# [What the task asks]
The answer must be the full listing, retyped exactly.

Extracted material START

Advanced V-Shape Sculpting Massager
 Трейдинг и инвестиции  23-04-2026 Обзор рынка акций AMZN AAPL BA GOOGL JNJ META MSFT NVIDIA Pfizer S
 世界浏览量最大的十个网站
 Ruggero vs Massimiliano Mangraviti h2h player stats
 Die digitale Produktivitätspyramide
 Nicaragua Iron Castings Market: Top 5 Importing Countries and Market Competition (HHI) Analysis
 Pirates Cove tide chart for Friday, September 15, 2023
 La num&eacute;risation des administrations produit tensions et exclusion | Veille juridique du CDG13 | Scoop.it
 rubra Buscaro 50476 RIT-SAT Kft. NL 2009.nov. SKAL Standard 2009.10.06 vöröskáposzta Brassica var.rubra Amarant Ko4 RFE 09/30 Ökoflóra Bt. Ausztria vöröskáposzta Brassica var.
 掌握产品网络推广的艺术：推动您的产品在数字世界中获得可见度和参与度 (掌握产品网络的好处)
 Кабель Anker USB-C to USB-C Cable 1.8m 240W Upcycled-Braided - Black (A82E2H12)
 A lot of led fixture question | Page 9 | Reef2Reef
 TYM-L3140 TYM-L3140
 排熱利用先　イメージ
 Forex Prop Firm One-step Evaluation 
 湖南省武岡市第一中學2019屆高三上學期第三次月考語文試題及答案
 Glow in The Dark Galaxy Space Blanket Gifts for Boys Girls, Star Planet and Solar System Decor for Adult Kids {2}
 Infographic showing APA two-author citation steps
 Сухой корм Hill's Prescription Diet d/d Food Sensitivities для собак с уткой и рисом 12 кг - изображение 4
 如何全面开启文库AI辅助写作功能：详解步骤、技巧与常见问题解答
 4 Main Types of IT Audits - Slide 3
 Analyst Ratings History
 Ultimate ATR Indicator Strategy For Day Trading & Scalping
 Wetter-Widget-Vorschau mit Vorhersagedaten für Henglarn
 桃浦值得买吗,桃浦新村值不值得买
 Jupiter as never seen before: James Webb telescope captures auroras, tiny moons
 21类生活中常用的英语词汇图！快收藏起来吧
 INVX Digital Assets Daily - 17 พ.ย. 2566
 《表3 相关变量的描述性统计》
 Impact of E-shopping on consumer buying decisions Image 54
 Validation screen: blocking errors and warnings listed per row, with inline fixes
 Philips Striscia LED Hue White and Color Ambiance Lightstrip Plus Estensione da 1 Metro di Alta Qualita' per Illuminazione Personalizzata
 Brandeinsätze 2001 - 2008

Extracted material END

# [Solution]
Advanced V-Shape Sculpting Massager
 Трейдинг и инвестиции  23-04-2026 Обзор рынка акций AMZN AAPL BA GOOGL JNJ META MSFT NVIDIA Pfizer S
 世界浏览量最大的十个网站
 Ruggero vs Massimiliano Mangraviti h2h player stats
 Die digitale Produktivitätspyramide
 Nicaragua Iron Castings Market: Top 5 Importing Countries and Market Competition (HHI) Analysis
 Pirates Cove tide chart for Friday, September 15, 2023
 La num&eacute;risation des administrations produit tensions et exclusion | Veille juridique du CDG13 | Scoop.it
 rubra Buscaro 50476 RIT-SAT Kft. NL 2009.nov. SKAL Standard 2009.10.06 vöröskáposzta Brassica var.rubra Amarant Ko4 RFE 09/30 Ökoflóra Bt. Ausztria vöröskáposzta Brassica var.
 掌握产品网络推广的艺术：推动您的产品在数字世界中获得可见度和参与度 (掌握产品网络的好处)
 Кабель Anker USB-C to USB-C Cable 1.8m 240W Upcycled-Braided - Black (A82E2H12)
 A lot of led fixture question | Page 9 | Reef2Reef
 TYM-L3140 TYM-L3140
 排熱利用先　イメージ
 Forex Prop Firm One-step Evaluation 
 湖南省武岡市第一中學2019屆高三上學期第三次月考語文試題及答案
 Glow in The Dark Galaxy Space Blanket Gifts for Boys Girls, Star Planet and Solar System Decor for Adult Kids {2}
 Infographic showing APA two-author citation steps
 Сухой корм Hill's Prescription Diet d/d Food Sensitivities для собак с уткой и рисом 12 кг - изображение 4
 如何全面开启文库AI辅助写作功能：详解步骤、技巧与常见问题解答
 4 Main Types of IT Audits - Slide 3
 Analyst Ratings History
 Ultimate ATR Indicator Strategy For Day Trading & Scalping
 Wetter-Widget-Vorschau mit Vorhersagedaten für Henglarn
 桃浦值得买吗,桃浦新村值不值得买
 Jupiter as never seen before: James Webb telescope captures auroras, tiny moons
 21类生活中常用的英语词汇图！快收藏起来吧
 INVX Digital Assets Daily - 17 พ.ย. 2566
 《表3 相关变量的描述性统计》
 Impact of E-shopping on consumer buying decisions Image 54
 Validation screen: blocking errors and warnings listed per row, with inline fixes
 Philips Striscia LED Hue White and Color Ambiance Lightstrip Plus Estensione da 1 Metro di Alta Qualita' per Illuminazione Personalizzata
 Brandeinsätze 2001 - 2008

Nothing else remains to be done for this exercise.